Se «un tempo» lo scopo principale del sistema di navigazione era quello di portare a destinazione nel più breve tempo possibile chiunque si trovasse su strade sconosciute, oggi il suo compito è aiutare i conducenti di veicoli plug-in hybrid a risparmiare energia.
È normale, chi mai imposta il navigatore per andare al lavoro?! O per andare in palestra, a fare la spesa o per tutti gli altri tragitti quotidiani che ormai conosce a memoria.
Chi guida in modalità ibrida, però, dovrebbe abituarsi ad accendere sempre il navigatore, anche quando conosce perfettamente la strada. Il sistema di navigazione dei modelli plug-in hybrid di Volvo (dall’anno di modello 2019), infatti, è intelligente e aiuta il conducente a guidare in modo efficiente.
Il segreto è la Predictive Efficiency, che utilizza i dati cartografici per sfruttare in modo intelligente l’energia elettrica disponibile e scegliere il miglior mix ibrido possibile per il percorso che si deve affrontare. In questo modo si evita, ad esempio, di percorrere un tratto autostradale in modalità elettrica, e di attraversare il centro cittadino con il motore a combustione attivo.



Quando è attiva la modalità ibrida «normale» solitamente l’auto viaggia in modalità elettrica fin quando possibile e il motore a combustione si accende solo quando vengono richieste prestazioni maggiori o quando la batteria è scarica. Chi sceglie di seguire le indicazioni del sistema di navigazione, tuttavia, risparmia più carburante, perché la Predictive Efficiency permette un’interazione il più efficiente possibile tra i due sistemi di propulsione.

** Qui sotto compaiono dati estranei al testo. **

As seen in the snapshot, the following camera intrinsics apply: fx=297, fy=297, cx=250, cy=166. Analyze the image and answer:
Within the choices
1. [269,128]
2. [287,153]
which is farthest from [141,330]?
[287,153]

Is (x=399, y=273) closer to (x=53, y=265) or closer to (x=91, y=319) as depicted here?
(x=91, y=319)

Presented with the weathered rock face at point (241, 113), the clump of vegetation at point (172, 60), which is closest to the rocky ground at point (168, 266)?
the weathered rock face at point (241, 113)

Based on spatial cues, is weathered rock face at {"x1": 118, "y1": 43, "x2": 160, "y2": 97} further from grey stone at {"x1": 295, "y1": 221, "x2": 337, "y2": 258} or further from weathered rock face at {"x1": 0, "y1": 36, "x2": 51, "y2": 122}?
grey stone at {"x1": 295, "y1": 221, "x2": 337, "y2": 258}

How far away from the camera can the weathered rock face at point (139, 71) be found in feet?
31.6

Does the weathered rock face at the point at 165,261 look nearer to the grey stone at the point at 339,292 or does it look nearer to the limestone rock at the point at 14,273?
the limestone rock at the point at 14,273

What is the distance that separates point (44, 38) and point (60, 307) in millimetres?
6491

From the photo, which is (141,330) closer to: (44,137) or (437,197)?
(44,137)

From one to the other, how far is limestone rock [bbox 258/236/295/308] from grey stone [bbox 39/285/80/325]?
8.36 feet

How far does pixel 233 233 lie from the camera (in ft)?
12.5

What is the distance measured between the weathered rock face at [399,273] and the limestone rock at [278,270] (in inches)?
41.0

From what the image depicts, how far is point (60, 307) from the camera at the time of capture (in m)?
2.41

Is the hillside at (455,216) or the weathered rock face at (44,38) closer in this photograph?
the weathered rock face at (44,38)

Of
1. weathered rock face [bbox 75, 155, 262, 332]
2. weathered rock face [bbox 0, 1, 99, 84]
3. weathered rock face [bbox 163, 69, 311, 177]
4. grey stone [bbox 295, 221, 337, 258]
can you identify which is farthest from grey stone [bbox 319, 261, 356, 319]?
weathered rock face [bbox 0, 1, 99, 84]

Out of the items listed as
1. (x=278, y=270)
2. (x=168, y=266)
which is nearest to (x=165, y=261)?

Pianificando il viaggio e facendo attenzione a guidare in modo da ridurre i consumi, è possibile aumentare l’autonomia in modalità elettrica, tutelando così anche l’ambiente. Per i pendolari che non hanno la possibilità di ricaricare l’auto al lavoro, ad esempio, una soluzione particolarmente efficace può essere quella di inserire il luogo di lavoro come destinazione intermedia e l’indirizzo di casa come destinazione. In questo modo l’energia delle batterie viene utilizzata in modo ottimale su entrambi i tragitti.

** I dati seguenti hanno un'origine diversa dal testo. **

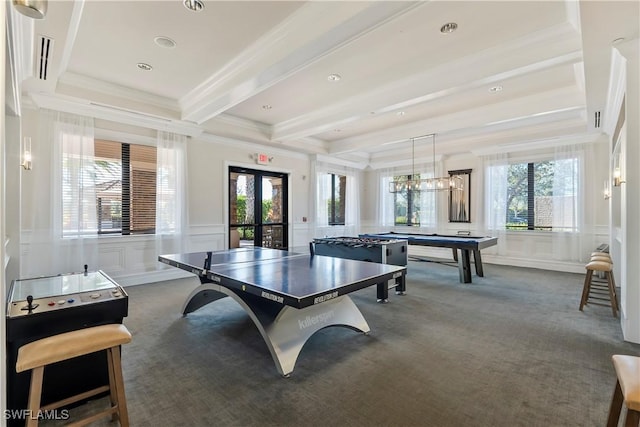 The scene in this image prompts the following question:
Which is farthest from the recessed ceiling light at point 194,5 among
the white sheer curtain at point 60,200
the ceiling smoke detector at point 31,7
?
the white sheer curtain at point 60,200

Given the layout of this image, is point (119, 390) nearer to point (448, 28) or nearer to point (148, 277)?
point (448, 28)

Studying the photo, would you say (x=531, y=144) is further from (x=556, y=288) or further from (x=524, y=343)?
(x=524, y=343)

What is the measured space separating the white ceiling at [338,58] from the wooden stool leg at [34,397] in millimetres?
2586

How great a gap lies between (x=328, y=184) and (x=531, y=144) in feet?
16.1

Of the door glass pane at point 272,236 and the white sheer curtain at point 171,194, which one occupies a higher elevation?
the white sheer curtain at point 171,194

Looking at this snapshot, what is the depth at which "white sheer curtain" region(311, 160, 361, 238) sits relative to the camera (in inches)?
320

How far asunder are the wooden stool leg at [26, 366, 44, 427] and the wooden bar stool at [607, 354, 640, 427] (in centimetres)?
258

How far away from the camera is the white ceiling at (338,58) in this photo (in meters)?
2.66

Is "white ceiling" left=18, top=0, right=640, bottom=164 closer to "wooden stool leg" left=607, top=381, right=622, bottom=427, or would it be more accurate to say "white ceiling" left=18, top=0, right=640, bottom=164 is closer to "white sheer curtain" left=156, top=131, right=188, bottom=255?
"white sheer curtain" left=156, top=131, right=188, bottom=255

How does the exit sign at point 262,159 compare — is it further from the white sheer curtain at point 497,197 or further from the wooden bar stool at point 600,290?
the wooden bar stool at point 600,290

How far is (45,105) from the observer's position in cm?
423

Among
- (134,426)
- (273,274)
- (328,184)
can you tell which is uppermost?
(328,184)

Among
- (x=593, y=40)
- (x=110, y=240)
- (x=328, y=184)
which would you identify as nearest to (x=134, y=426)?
(x=110, y=240)

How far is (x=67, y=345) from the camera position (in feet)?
4.98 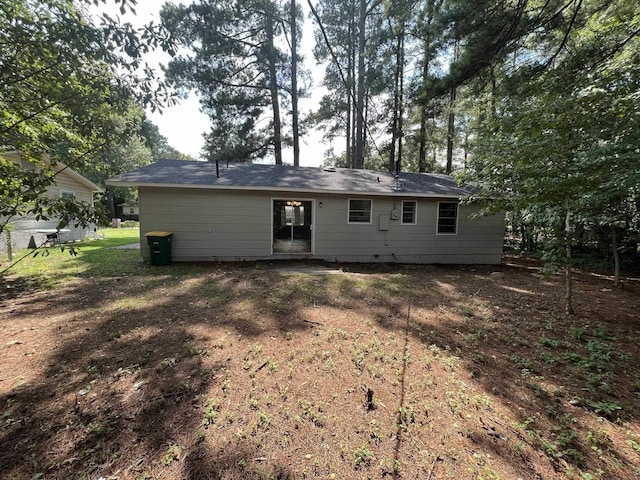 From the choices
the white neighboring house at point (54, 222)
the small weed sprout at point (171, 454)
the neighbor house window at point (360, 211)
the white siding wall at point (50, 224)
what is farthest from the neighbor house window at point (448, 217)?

Per poter sfruttare la funzione Predictive Efficiency per risparmiare automaticamente energia devono però essere soddisfatte le seguenti condizioni: nel navigatore deve essere impostata una destinazione più distante dei chilometri che la Volvo plug-in hybrid potrebbe percorrere in modalità elettrica, quindi in media circa 50 chilometri. La modalità di guida «Hybrid» deve essere attivata, mentre devono essere disattivate le funzioni «Hold» e «Charge» e la batteria ibrida deve essere completamente carica. In questo modo la sfida del navigatore può iniziare.